_GIVEN ENTRIES_
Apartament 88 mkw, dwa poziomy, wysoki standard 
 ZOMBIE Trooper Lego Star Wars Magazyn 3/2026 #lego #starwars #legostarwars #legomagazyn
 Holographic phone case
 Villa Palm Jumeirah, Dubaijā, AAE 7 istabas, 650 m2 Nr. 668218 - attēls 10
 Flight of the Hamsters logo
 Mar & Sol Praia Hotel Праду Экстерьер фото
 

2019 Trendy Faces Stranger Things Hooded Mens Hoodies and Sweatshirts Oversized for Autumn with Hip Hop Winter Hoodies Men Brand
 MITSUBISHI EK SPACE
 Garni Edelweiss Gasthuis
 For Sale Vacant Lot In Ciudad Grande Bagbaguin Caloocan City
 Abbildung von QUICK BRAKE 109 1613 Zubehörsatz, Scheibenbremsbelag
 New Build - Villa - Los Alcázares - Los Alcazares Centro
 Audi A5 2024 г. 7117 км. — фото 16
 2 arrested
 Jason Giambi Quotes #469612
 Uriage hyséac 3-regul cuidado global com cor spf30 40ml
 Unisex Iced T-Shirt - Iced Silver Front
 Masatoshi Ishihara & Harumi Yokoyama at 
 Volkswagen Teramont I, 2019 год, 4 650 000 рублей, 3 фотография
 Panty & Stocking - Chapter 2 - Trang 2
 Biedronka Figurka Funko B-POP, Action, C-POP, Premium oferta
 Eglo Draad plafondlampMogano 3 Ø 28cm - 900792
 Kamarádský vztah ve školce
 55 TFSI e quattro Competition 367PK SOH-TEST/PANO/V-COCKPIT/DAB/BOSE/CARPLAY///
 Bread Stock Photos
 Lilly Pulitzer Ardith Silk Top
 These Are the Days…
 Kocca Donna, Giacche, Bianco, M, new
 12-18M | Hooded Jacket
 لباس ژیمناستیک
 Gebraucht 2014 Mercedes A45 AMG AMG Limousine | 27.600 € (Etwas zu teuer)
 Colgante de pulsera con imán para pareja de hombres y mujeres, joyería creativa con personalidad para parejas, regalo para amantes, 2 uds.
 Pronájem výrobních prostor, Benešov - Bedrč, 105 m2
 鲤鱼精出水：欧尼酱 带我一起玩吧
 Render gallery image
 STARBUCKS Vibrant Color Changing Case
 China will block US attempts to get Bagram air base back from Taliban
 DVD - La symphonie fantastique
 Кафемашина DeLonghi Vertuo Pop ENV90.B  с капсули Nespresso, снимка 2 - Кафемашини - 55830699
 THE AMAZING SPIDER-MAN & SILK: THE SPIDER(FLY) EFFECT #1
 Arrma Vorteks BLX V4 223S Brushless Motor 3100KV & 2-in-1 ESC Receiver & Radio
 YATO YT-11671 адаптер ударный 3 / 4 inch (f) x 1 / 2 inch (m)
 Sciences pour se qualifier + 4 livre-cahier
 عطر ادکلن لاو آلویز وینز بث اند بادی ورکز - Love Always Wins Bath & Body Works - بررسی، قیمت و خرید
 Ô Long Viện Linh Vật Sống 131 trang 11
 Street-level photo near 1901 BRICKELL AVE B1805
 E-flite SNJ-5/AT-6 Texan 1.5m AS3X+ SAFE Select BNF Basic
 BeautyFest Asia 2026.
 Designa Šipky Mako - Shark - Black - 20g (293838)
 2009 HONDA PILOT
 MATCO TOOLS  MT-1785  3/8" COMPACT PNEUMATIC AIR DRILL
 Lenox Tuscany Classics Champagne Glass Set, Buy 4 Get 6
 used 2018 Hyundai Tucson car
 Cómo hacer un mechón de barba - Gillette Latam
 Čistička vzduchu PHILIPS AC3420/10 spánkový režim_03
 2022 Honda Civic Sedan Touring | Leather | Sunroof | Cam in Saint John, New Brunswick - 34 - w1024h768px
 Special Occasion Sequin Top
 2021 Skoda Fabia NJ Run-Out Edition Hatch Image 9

_WHAT YOU HAVE TO DO_
Word for word, write out all of the entries.

_REPLY TO THE EXERCISE_
Apartament 88 mkw, dwa poziomy, wysoki standard 
 ZOMBIE Trooper Lego Star Wars Magazyn 3/2026 #lego #starwars #legostarwars #legomagazyn
 Holographic phone case
 Villa Palm Jumeirah, Dubaijā, AAE 7 istabas, 650 m2 Nr. 668218 - attēls 10
 Flight of the Hamsters logo
 Mar & Sol Praia Hotel Праду Экстерьер фото
 

2019 Trendy Faces Stranger Things Hooded Mens Hoodies and Sweatshirts Oversized for Autumn with Hip Hop Winter Hoodies Men Brand
 MITSUBISHI EK SPACE
 Garni Edelweiss Gasthuis
 For Sale Vacant Lot In Ciudad Grande Bagbaguin Caloocan City
 Abbildung von QUICK BRAKE 109 1613 Zubehörsatz, Scheibenbremsbelag
 New Build - Villa - Los Alcázares - Los Alcazares Centro
 Audi A5 2024 г. 7117 км. — фото 16
 2 arrested
 Jason Giambi Quotes #469612
 Uriage hyséac 3-regul cuidado global com cor spf30 40ml
 Unisex Iced T-Shirt - Iced Silver Front
 Masatoshi Ishihara & Harumi Yokoyama at 
 Volkswagen Teramont I, 2019 год, 4 650 000 рублей, 3 фотография
 Panty & Stocking - Chapter 2 - Trang 2
 Biedronka Figurka Funko B-POP, Action, C-POP, Premium oferta
 Eglo Draad plafondlampMogano 3 Ø 28cm - 900792
 Kamarádský vztah ve školce
 55 TFSI e quattro Competition 367PK SOH-TEST/PANO/V-COCKPIT/DAB/BOSE/CARPLAY///
 Bread Stock Photos
 Lilly Pulitzer Ardith Silk Top
 These Are the Days…
 Kocca Donna, Giacche, Bianco, M, new
 12-18M | Hooded Jacket
 لباس ژیمناستیک
 Gebraucht 2014 Mercedes A45 AMG AMG Limousine | 27.600 € (Etwas zu teuer)
 Colgante de pulsera con imán para pareja de hombres y mujeres, joyería creativa con personalidad para parejas, regalo para amantes, 2 uds.
 Pronájem výrobních prostor, Benešov - Bedrč, 105 m2
 鲤鱼精出水：欧尼酱 带我一起玩吧
 Render gallery image
 STARBUCKS Vibrant Color Changing Case
 China will block US attempts to get Bagram air base back from Taliban
 DVD - La symphonie fantastique
 Кафемашина DeLonghi Vertuo Pop ENV90.B  с капсули Nespresso, снимка 2 - Кафемашини - 55830699
 THE AMAZING SPIDER-MAN & SILK: THE SPIDER(FLY) EFFECT #1
 Arrma Vorteks BLX V4 223S Brushless Motor 3100KV & 2-in-1 ESC Receiver & Radio
 YATO YT-11671 адаптер ударный 3 / 4 inch (f) x 1 / 2 inch (m)
 Sciences pour se qualifier + 4 livre-cahier
 عطر ادکلن لاو آلویز وینز بث اند بادی ورکز - Love Always Wins Bath & Body Works - بررسی، قیمت و خرید
 Ô Long Viện Linh Vật Sống 131 trang 11
 Street-level photo near 1901 BRICKELL AVE B1805
 E-flite SNJ-5/AT-6 Texan 1.5m AS3X+ SAFE Select BNF Basic
 BeautyFest Asia 2026.
 Designa Šipky Mako - Shark - Black - 20g (293838)
 2009 HONDA PILOT
 MATCO TOOLS  MT-1785  3/8" COMPACT PNEUMATIC AIR DRILL
 Lenox Tuscany Classics Champagne Glass Set, Buy 4 Get 6
 used 2018 Hyundai Tucson car
 Cómo hacer un mechón de barba - Gillette Latam
 Čistička vzduchu PHILIPS AC3420/10 spánkový režim_03
 2022 Honda Civic Sedan Touring | Leather | Sunroof | Cam in Saint John, New Brunswick - 34 - w1024h768px
 Special Occasion Sequin Top
 2021 Skoda Fabia NJ Run-Out Edition Hatch Image 9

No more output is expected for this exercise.